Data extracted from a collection
══════════

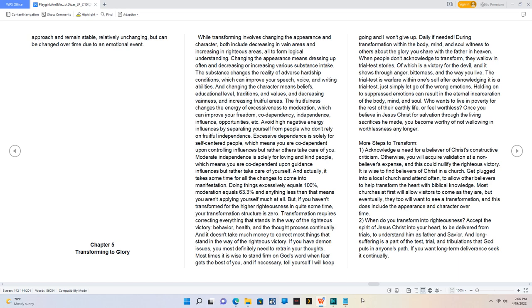Once you believe in Jesus Christ for salvation through the living sacrifices he made, you become worthy of not wallowing in worthlessness any longer. More steps to transform. 1. Acknowledge a need for a believer of Christ's constructive criticism. Otherwise, you will acquire validation at a non-believer's expense, and this could nullify the righteous victory. It is wise to find believers of Christ in a church. Get plugged into a local church and attend often to allow other believers to help transform the heart with biblical knowledge. Most churches at first will allow visitors to come as they are, but eventually they too will want to see a transformation, and this does include the appearance and character over time.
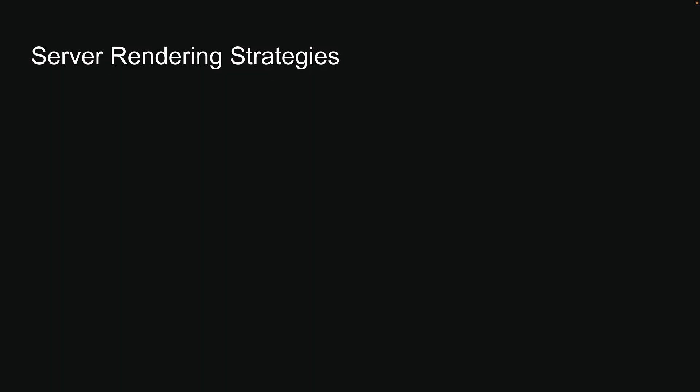If we dive deeper into rendering, we have three server rendering strategies: static rendering, dynamic rendering, and streaming. Let's take a closer look at each of these next.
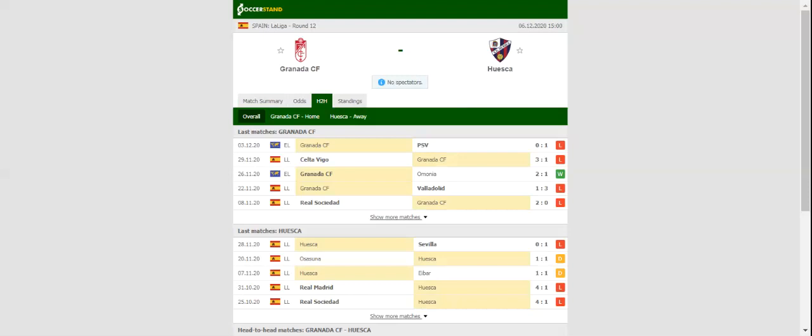Huesca have been anything but impressive on the travels this season, but given Granada's poor form, we predict that the visitors are going to grab something from the match.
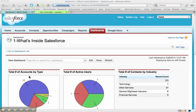Hi, this is Jeff Gross with CRMFYI and I want to share with you today something that I just discovered — a cool little tweak that makes your reports and dashboards just a little bit easier to use and a little easier on the eyes.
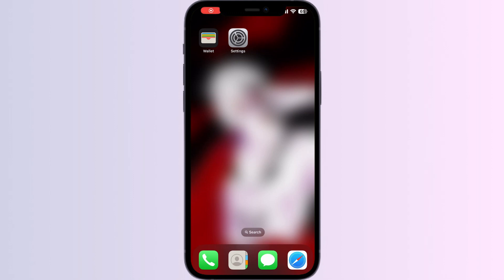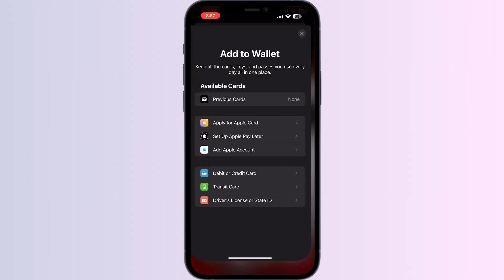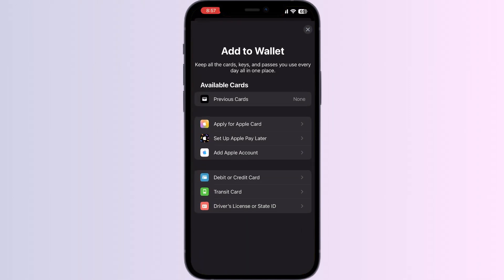Hello guys, welcome to another video in which we will be discussing how to get your Apple Card statement. Are you having trouble getting your Apple Card statement? Don't worry, in this video we will help you find a solution. Since I don't have an active Apple Card, I will show you how to get your Apple Card statement online.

══════════

What you have to do
In the copy, include every line of the records exactly and none of the images.

Finished exercise
Once you believe in Jesus Christ for salvation through the living sacrifices he made, you become worthy of not wallowing in worthlessness any longer. More steps to transform. 1. Acknowledge a need for a believer of Christ's constructive criticism. Otherwise, you will acquire validation at a non-believer's expense, and this could nullify the righteous victory. It is wise to find believers of Christ in a church. Get plugged into a local church and attend often to allow other believers to help transform the heart with biblical knowledge. Most churches at first will allow visitors to come as they are, but eventually they too will want to see a transformation, and this does include the appearance and character over time.
If we dive deeper into rendering, we have three server rendering strategies: static rendering, dynamic rendering, and streaming. Let's take a closer look at each of these next.
Huesca have been anything but impressive on the travels this season, but given Granada's poor form, we predict that the visitors are going to grab something from the match.
Hi, this is Jeff Gross with CRMFYI and I want to share with you today something that I just discovered — a cool little tweak that makes your reports and dashboards just a little bit easier to use and a little easier on the eyes.
Hello guys, welcome to another video in which we will be discussing how to get your Apple Card statement. Are you having trouble getting your Apple Card statement? Don't worry, in this video we will help you find a solution. Since I don't have an active Apple Card, I will show you how to get your Apple Card statement online.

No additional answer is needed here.